Start of Given data

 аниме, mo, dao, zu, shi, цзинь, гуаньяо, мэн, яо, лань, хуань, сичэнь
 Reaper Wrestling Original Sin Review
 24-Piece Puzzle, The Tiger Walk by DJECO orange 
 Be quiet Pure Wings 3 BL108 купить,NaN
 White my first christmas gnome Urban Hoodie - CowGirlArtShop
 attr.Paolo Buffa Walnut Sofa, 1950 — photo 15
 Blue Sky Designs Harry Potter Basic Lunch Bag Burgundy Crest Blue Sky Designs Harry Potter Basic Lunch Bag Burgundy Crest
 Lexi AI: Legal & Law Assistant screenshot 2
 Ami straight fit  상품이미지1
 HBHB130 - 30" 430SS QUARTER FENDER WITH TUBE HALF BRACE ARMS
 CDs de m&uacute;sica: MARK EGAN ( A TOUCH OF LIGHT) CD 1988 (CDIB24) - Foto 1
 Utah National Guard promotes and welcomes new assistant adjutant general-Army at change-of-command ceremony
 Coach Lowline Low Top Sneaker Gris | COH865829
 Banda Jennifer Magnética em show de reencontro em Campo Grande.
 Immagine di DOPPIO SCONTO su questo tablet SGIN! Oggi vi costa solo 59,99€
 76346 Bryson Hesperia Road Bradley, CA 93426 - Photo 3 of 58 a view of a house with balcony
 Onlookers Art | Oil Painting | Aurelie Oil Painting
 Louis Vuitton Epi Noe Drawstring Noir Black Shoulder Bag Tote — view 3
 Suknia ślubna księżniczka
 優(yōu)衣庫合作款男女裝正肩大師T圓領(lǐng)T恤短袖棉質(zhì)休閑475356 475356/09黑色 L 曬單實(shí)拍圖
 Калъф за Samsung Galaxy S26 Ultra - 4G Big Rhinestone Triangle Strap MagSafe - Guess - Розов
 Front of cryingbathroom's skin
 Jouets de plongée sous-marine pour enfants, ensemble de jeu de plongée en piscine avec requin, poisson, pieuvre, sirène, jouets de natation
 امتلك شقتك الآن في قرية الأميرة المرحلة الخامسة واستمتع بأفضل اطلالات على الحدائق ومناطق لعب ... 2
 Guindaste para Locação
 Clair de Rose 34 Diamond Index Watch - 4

End of Given data

Instructions to follow: What you return must be an exact retyping of the lines above starting at the line with "White my first" and ending at the line with "Coach Lowline Low", and nothing besides.

Response area:
 White my first christmas gnome Urban Hoodie - CowGirlArtShop
 attr.Paolo Buffa Walnut Sofa, 1950 — photo 15
 Blue Sky Designs Harry Potter Basic Lunch Bag Burgundy Crest Blue Sky Designs Harry Potter Basic Lunch Bag Burgundy Crest
 Lexi AI: Legal & Law Assistant screenshot 2
 Ami straight fit  상품이미지1
 HBHB130 - 30" 430SS QUARTER FENDER WITH TUBE HALF BRACE ARMS
 CDs de m&uacute;sica: MARK EGAN ( A TOUCH OF LIGHT) CD 1988 (CDIB24) - Foto 1
 Utah National Guard promotes and welcomes new assistant adjutant general-Army at change-of-command ceremony
 Coach Lowline Low Top Sneaker Gris | COH865829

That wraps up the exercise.